How Often Do Sides Win To Nil?
From a betting perspective, the enhanced odds on the win to nil market (as compared to simply backing a team to win) make it an attractive proposition. But just how often do teams win to nil? There is a wealth of statistical data out there for anyone wanting to look into this in great depth.
Of course, the numbers vary over time and also between divisions but if you want a short, simple, singular answer, then you can probably take a figure of between 37% and 42%. To make things even simpler, we could say that broadly speaking around 40% of games will see either the home or the away side win to nil.
Equally, just as relatively few games see either side score three or more goals, the vast majority of wins to nil, for either side, are 1-0 or 2-0. Indeed, based on the data from 1888 to 2014, of the just over 38% of matches that ended WTN 27.6% were by one or two goals.
We have quoted these figures based on research covering 126 years of the top four tiers of English football, plus more general analysis of other leagues and data from the last few years not covered by the stats we’ve linked to.

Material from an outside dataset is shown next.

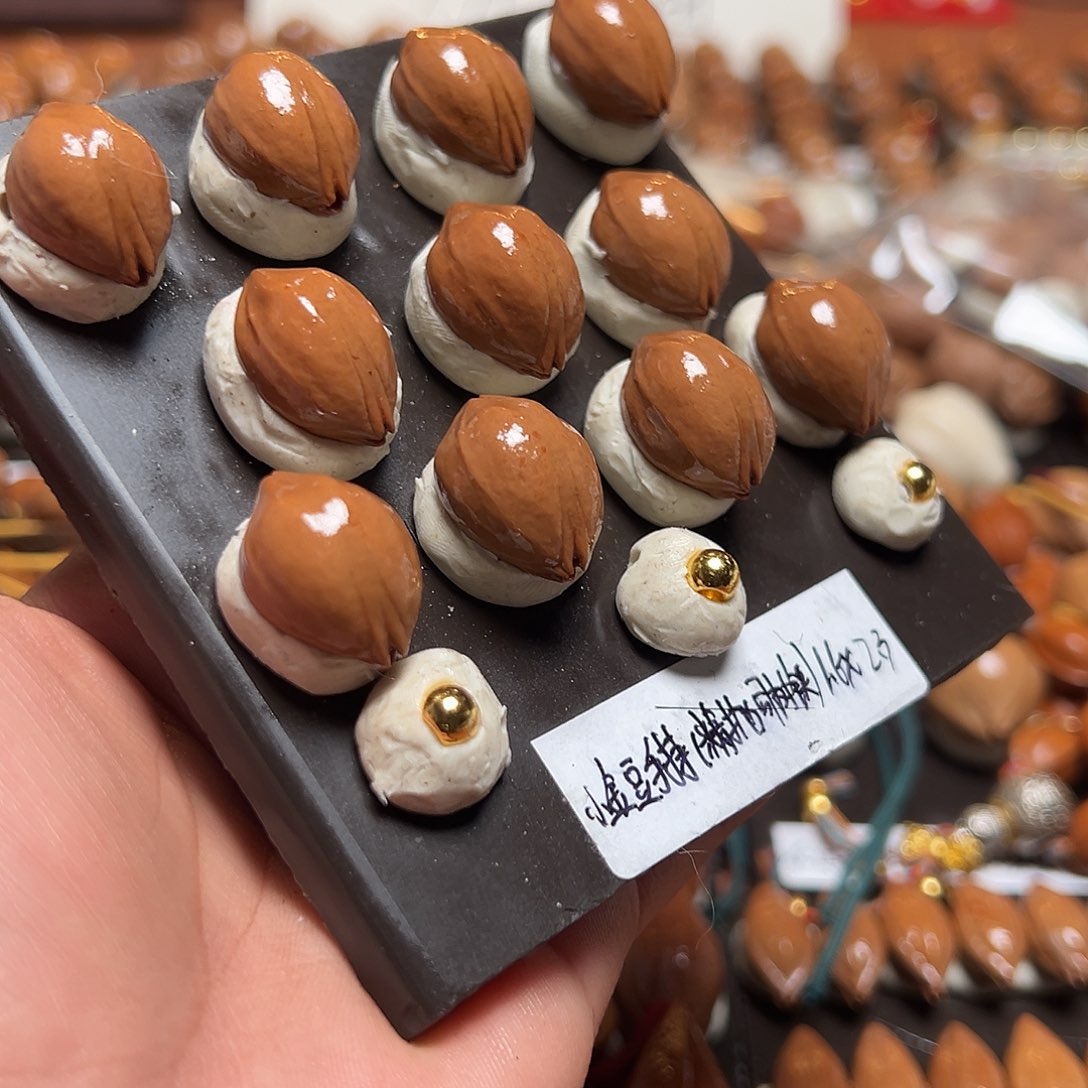 吊坠橄榄核橄榄核雕刻手工艺品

Unsurprisingly, the home team is more likely to win to nil, just as they are more likely to both keep a clean sheet and also to win.
That data is borne out by research covering the English Premier League and the Championship for the five complete seasons from 2015-16 to 2019-20. We saw a higher proportion of games ending WTN than historic trends, with approximately 41% of clashes ending that way. Of those, almost 74% were 1-0 or 2-0 (to either side).
Indicative Win To Nil Odds
To give you an idea of what sort of odds you can expect for this market and how they compare to the prices for the two constituent selections, we have looked at a range of games. The teams and dates are not important but for reference, we looked at Serie A fixtures taking place on the 22nd or 23rd January 2021. Note that we have selected five matches to cover a range of possible prices.
|Fixture||Team||To Win Odds||To Keep A Clean Sheet Odds||To Win To Nil Odds|
|Roma v Spezia||Roma||2/5||11/8||6/4|
|Fiorentina v Crotone||Fiorentina||7/10||11/8||2/1|
|Genoa v Cagliari||Genoa||24/19||9/4||10/3|
|Parma v Sampdoria||Parma||21/10||11/4||19/4|
|Lazio v Sassuolo||Sassuolo||4/1||11/2||21/2|
As you can see, the WTN odds would net you a better return in every game if the bet won, but you need to make your peace with the fact that you have no safety net included in your bet like you would have with a win or clean sheet bet.